I hope that next year, the people will decide that it was a mistake to make someone president just so they could feel like they aren’t racist.

[Update a few minutes later]

Obama’s problem(s):

Time and again the President angers one side without conciliating the other. His public demand that Israel agree to a complete settlement freeze as a condition for peace talks alienated Israelis (and not just supporters of Prime Minister Netanyahu); his subsequent back peddling humiliated and angered the Palestinians. He pleased no one, fumbled what he had once proclaimed a crucial priority of his administration, and is left with reduced influence with both sides.

At home the President’s hedging has antagonized and energized the right without delivering the goods to his base on the left. The health care bill was so watered down from what candidate Obama proposed on the stump that key constituencies on the left were dismayed; the change was so large that the right was energized; the legislation so compromised and misshapen that it failed to satisfy. The stimulus was the same: large enough to stir up the deficit hawks but too small (and too poorly constructed) to launch a “V” shaped recovery. In the Middle East he has been too cautious and slow in siding with the revolutionaries to dent American unpopularity in the region — but by dropping US support for longtime ally Hosni Mubarak he antagonized and alarmed the Saudis.

Neither the Middle East despots nor the populists think President Obama is a reliable friend. In Afghanistan also he appears to have found a policy that is too robust to please the doves who want out no matter what — yet his hesitancy and announcement of withdrawal dates has not convinced either the Pakistanis or the Taliban that the US will remain until its basic conditions are met.

This repeated lunge for the sour spot — the place where costs are high and benefits are low — now seems to be a trademark of the President’s decision-making style. On the left it is earning him Carter comparisons from people like Eric Alterman; on the right it means that despite his compromises and yielding of significant ground he continues to feed the incandescent hostility of his bitterest foes. Worst of all, it suggests to people abroad and at home that the way to manipulate this “split the difference”, consensus-seeking President is to raise your demands. If you are going to get something like 50 percent of what you ask for, ask for twice as much as you really want. And with this Presidential style, the squeaking wheel gets the grease. Not surprisingly, all the wheels have begun to squeak.

The bad thing (or good thing, from the perspective of those who hope for a single term) is that he doesn’t seem capable of learning, or changing.

4 thoughts on “Affirmative Action”

  1. The problem is not enough poker players in this country. Beginners don’t know what they’re doing so they confuse experienced players. You can’t put beginners on a hand because they don’t even know what they have.

    Known as beginners luck. The thing is, mature people should be the only ones selecting representatives of the people (I almost said ‘leaders.’) He has a nice smile should be very low in criteria.
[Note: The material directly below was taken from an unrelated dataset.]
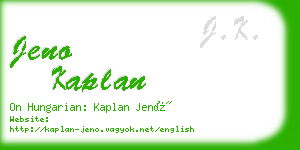 jeno kaplan business card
  2. Rookie mistake? The synecdoche–Obama himself as Exhibit A in the broader race preference policy debate–works now in a way it didn’t in the Fall of 2008.
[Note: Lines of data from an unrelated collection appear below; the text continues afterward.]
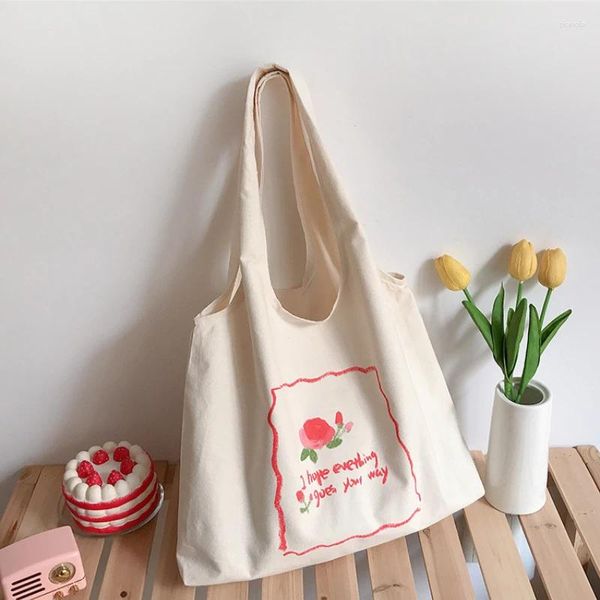 Sac Vintage toile sacs à bandoulière pour femmes rétro Rose fleur dames fourre-tout décontracté sacs à main grande capacité femme Shopping quotidien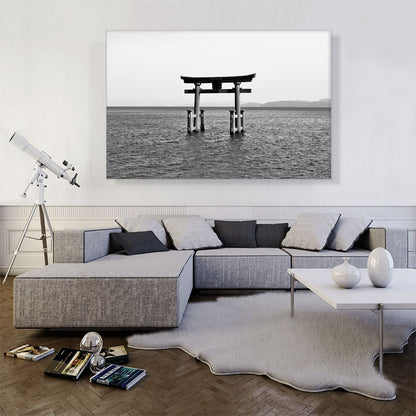 Floating Japan Torii Gate Miyajima Shrine Lake Biwa Rectangle
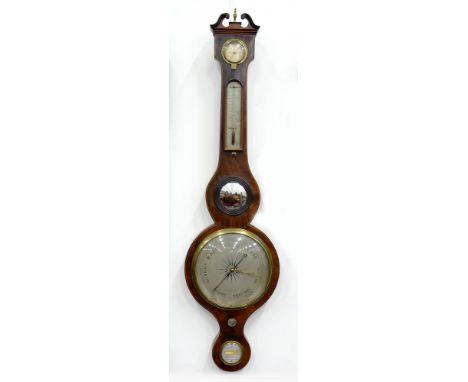 AN EARLY 19TH C MAHOGANY AND LINE INLAID BAROMETER, THE BUBBLE LEVEL INSCRIBED PETER CORDI, WARWICK WARRANTED, WITH ALCOHOL T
    I don’t know about race: I saw the same thing in the Marines. In the 80s a recruiting incentive was offered: guaranteed NCO. As soon as a guy had enough time in, regardless of cutting score, he was promoted to Corporal.

    You could see that most of these guys simply had not spent enough time being led to learn the tricks of leadership. Eventually they’d catch up but they spent a lot of time being marginal leaders before that.
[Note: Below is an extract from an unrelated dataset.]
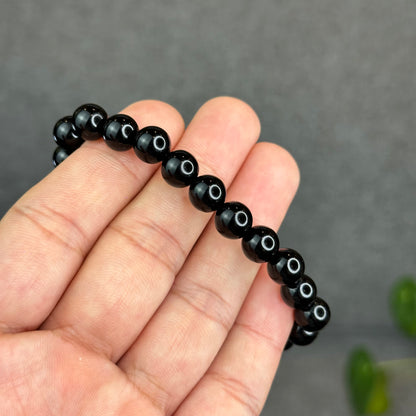 Natural Black Obsidian Bracelet Size 8.3 mm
  3. The fact that Obama is in over is head is painfully obvious to most Americans, including Obama himself. That’s why he doesn’t seem all that interested in the job (the title yes, but not the job) anymore.

  4. “the leader of the sovereign nation of Libya “needs to go” if he wasn’t willing to do what was necessary to make him go?”

    Saying Moomar had to go isn’t such a big deal, we expect our presidents to make statements like that. The problem is when Obama unilaterally declares a half-assed kinetic military outreach program that is unable to achieve the stated and unstated goals with the chosen tactics.